§ **WORK REQUIRED**
What is needed is the exact text of each line in the listing below from the one with "Elephants enjoying a" up to and including the one with "The renal corpuscle", and no pictures.
**** DATA IN THIS EXERCISE
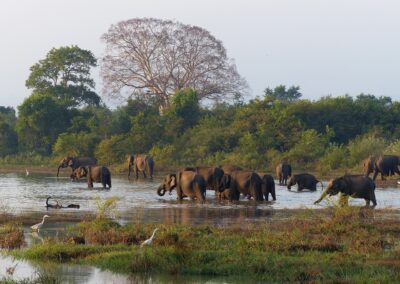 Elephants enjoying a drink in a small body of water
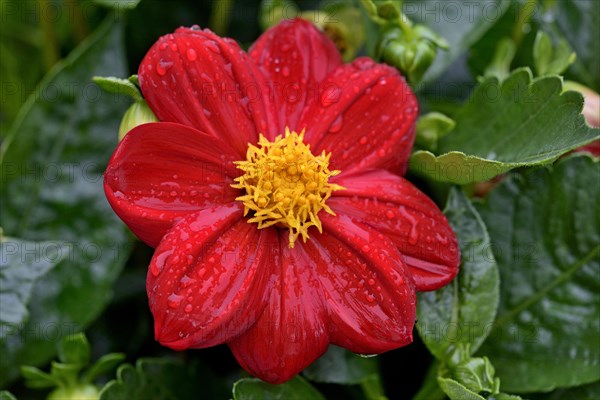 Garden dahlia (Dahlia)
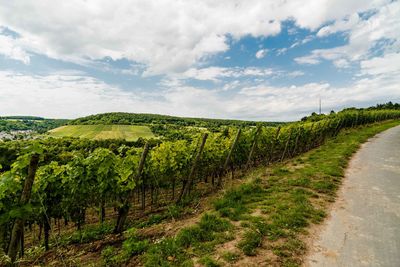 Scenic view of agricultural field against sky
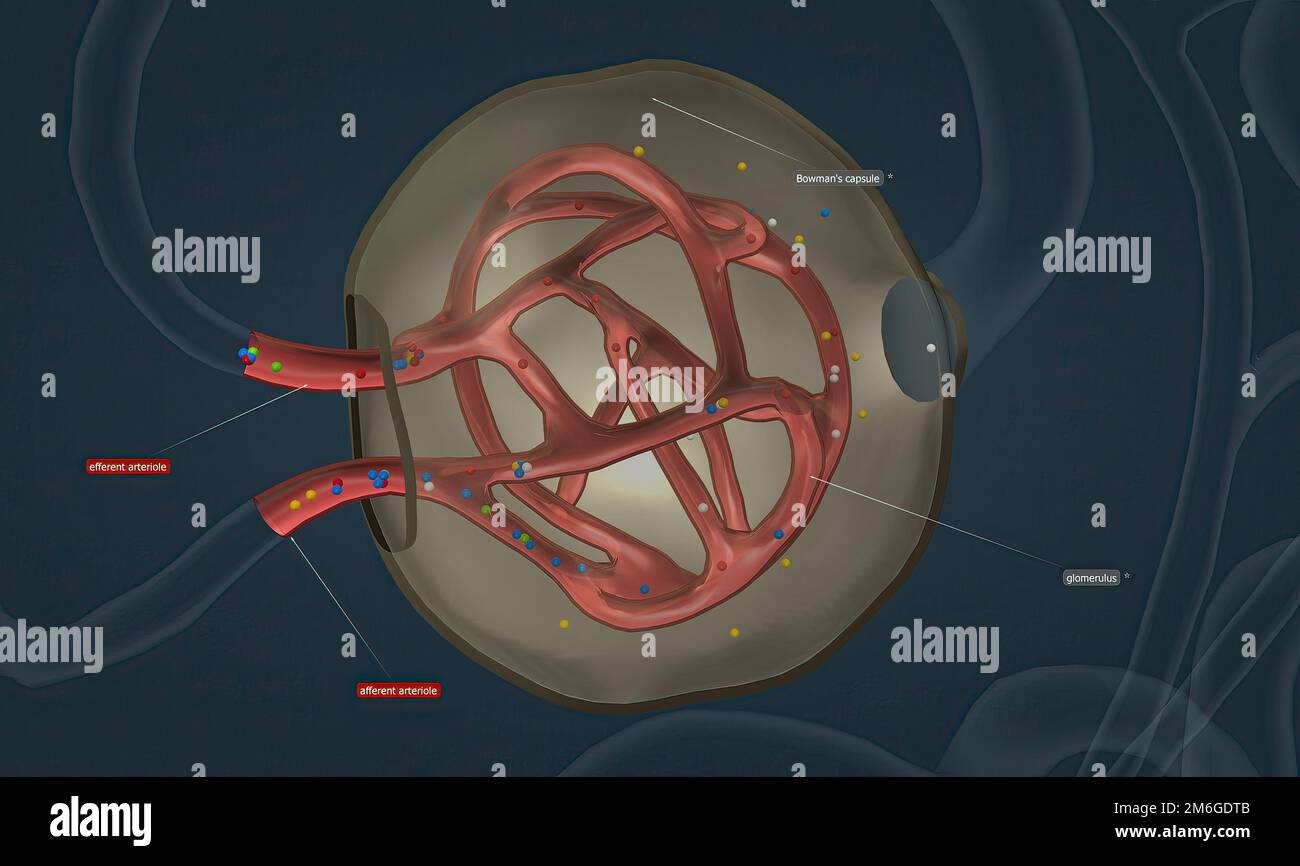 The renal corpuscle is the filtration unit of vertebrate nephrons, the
********
**** DATA IN THIS EXERCISE
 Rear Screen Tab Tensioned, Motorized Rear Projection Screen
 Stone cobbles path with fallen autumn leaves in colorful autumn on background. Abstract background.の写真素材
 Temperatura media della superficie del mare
********
**** DATA IN THIS EXERCISE
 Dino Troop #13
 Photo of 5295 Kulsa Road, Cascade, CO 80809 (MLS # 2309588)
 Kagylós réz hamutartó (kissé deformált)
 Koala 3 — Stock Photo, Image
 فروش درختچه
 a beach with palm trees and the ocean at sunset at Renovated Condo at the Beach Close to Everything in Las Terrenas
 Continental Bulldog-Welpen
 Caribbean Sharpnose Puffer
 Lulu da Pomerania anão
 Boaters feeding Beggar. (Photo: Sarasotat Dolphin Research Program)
********
§ **RESULT FOR THIS EXERCISE**
 Elephants enjoying a drink in a small body of water
 Garden dahlia (Dahlia)
 Scenic view of agricultural field against sky
 The renal corpuscle is the filtration unit of vertebrate nephrons, the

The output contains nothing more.